*** Records supplied ***
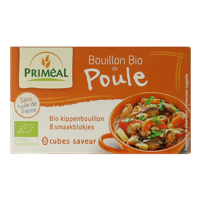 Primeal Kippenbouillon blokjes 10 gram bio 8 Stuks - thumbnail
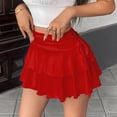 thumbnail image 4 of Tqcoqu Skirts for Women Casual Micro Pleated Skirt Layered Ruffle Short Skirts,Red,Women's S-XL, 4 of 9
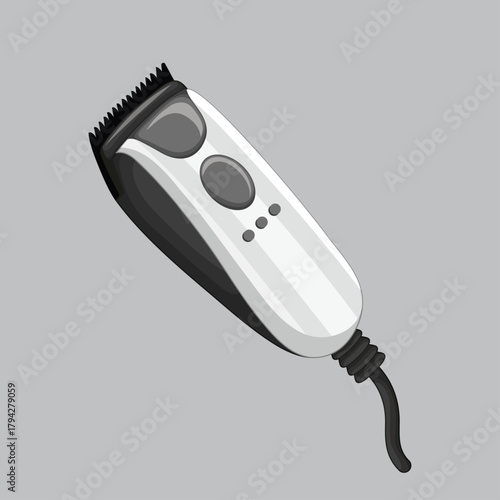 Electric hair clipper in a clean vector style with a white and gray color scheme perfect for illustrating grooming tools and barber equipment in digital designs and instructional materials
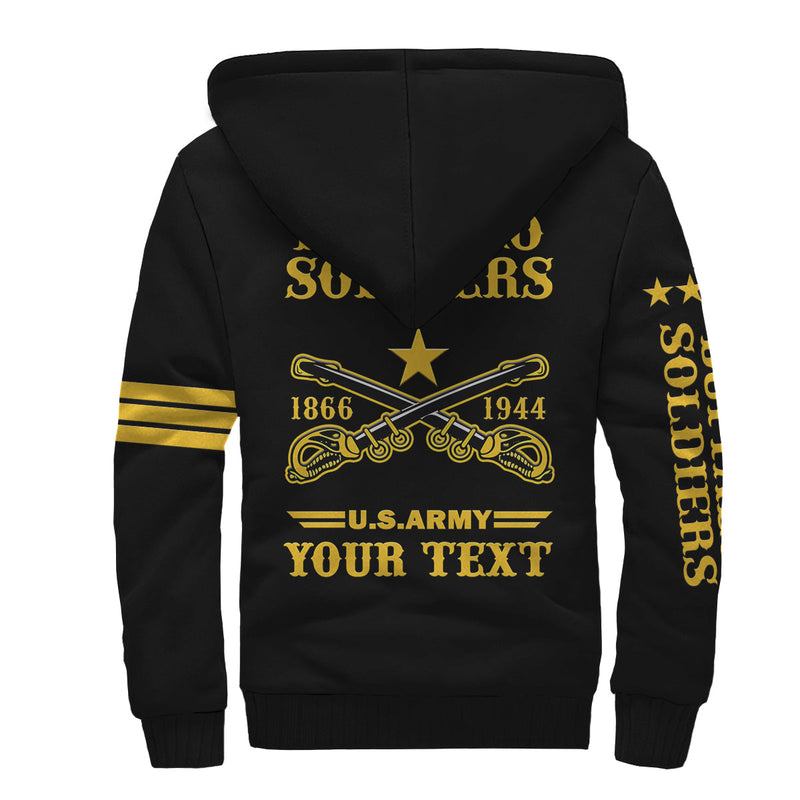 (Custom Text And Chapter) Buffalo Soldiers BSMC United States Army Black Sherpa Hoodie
*** End of Records supplied ***
*** Records supplied ***
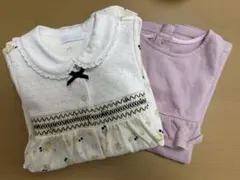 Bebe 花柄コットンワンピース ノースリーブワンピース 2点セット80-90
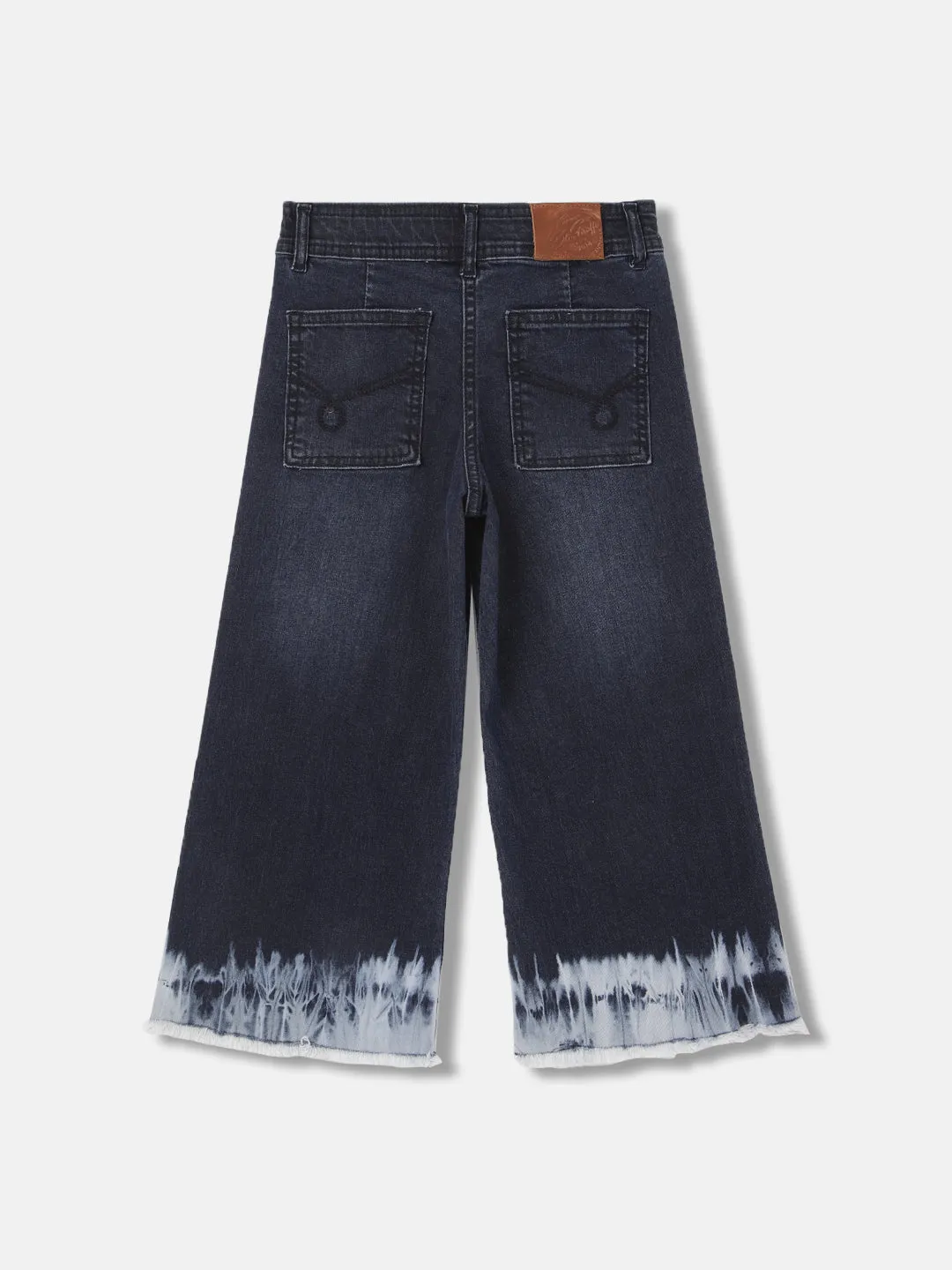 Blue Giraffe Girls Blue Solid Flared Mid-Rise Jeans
*** End of Records supplied ***
(Exercise objective) Reproduce word for word, with pictures dropped, only the part of the material above that opens with the line containing "Electric hair clipper" and closes with the line containing "(Custom Text And".

(Final answer)
 Electric hair clipper in a clean vector style with a white and gray color scheme perfect for illustrating grooming tools and barber equipment in digital designs and instructional materials
 (Custom Text And Chapter) Buffalo Soldiers BSMC United States Army Black Sherpa Hoodie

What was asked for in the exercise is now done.